# pros/cons for tankless water heater



## ALPS (Jan 26, 2007)

I'm planning to replace the 40 gallon, 12-year-old,LP water heater that came with the house and want to learn more about the "tankless" type.

Aside from the obvious pro (endless hot water) and con (expense), what else should I consider?  Plumbing, venting, gas supply are not concerns.


----------



## bethany14 (Jan 26, 2007)

Sizing is a concern, depending on your hot water demands.  Here we only wash in cold water, and don't have a dishwasher, so our demand is minimal.  However, if you do wash in hot water, and run a dishwasher, and then go hop in the shower...you see the dilemma.  There are high demand systems available, though the price goes up considerably.


----------



## glennjanie (Jan 26, 2007)

Hey Alps:
The pros are all there is to a tankless system, when properly sized. The higher cost will come back to you each month in lower gas bills because you are not trying to keep the whole 40 gallons hot all the time; vacation, sleeping, while you're at work and I could go on.
A new water saver shower head and faucets would help tremendously. If your faucets have the areator screen on them, they probably are water savers.
Glenn


----------



## elementx440 (Jan 26, 2007)

i always heard on the am-radio improvement shows that you can get a tax writeoff for using the tankless systems, since they're more energy efficient, i would definately look into it...


----------



## shovelshort (Feb 18, 2007)

I purchased a tankless water heater to replace an existing leaky tank water heater before I looked into the retro fit.  I ended up selling the tankless to someone and buying another tank water heater.

There is a lot involved in retro-fitting for a tankless.  Gas lines have to be a certain size, usually larger than existing.  Venting is a big issue.  Tankless heaters put out a lot of heat and exhaust.  The vent has to be larger in diameter and double walled.  The run can only be so long according to manufacturer which can be a problem in 2 story homes with the heater in the basement.  You can vent out the side, but it has to be so many feet from a window.

If I were building a new home, I would definitely go with the tankless, but retro-fitting can be cost prohibitive when you are putting one in for utility savings in the first place.


----------



## ALPS (Mar 29, 2007)

shovelshort-- good tips, this would be going into the basement.

Yes, a tax break is always good.  I got a $360 tax credit(out of a possible $500) last week for the new windows and door.

And lastly, I've heard from a home inspector and a customer service rep at the local utility regarding the lower utility bill.  It isn't always what it seems...
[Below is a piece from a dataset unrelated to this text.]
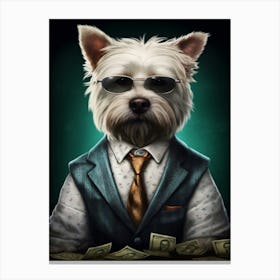 Gangster Dog West Highland White Terrier 4 Canvas Print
Sure, you don't have to keep 40 to 60 gallons of water hot 24 hours a day, but you do use nearly as much gas heating the cold water coming into your house.  Heating large volumes of cold water in a short amount of time takes a lot of energy.  Enough to off set your savings.

Maybe I could use the existing tank to hold the water so it could warm up to basement temperature before going into the tankless system?


----------



## ALPS (Mar 29, 2007)

shovelshort said:


> Gas lines have to be a certain size, usually larger than existing.



Proof that more fuel is consumed...


----------



## bethany14 (Mar 31, 2007)

Some highlights copied from: http://www.toolbase.org/Technology-Inventory/Whole-House-Systems/tankless-water-heaters



> Efficiency is higher than most tank type water heaters because standby losses are virtually eliminated. In addition, sealed combustion gas units have a higher fuel-burning efficiency than natural draft gas water heaters. PATH Field Evaluations have shown that energy usage can be decreased by 10 to 20 percent compared to a conventional water heater. Energy savings (as a percentage of total hot water energy use) are greater in homes that use less hot water energy.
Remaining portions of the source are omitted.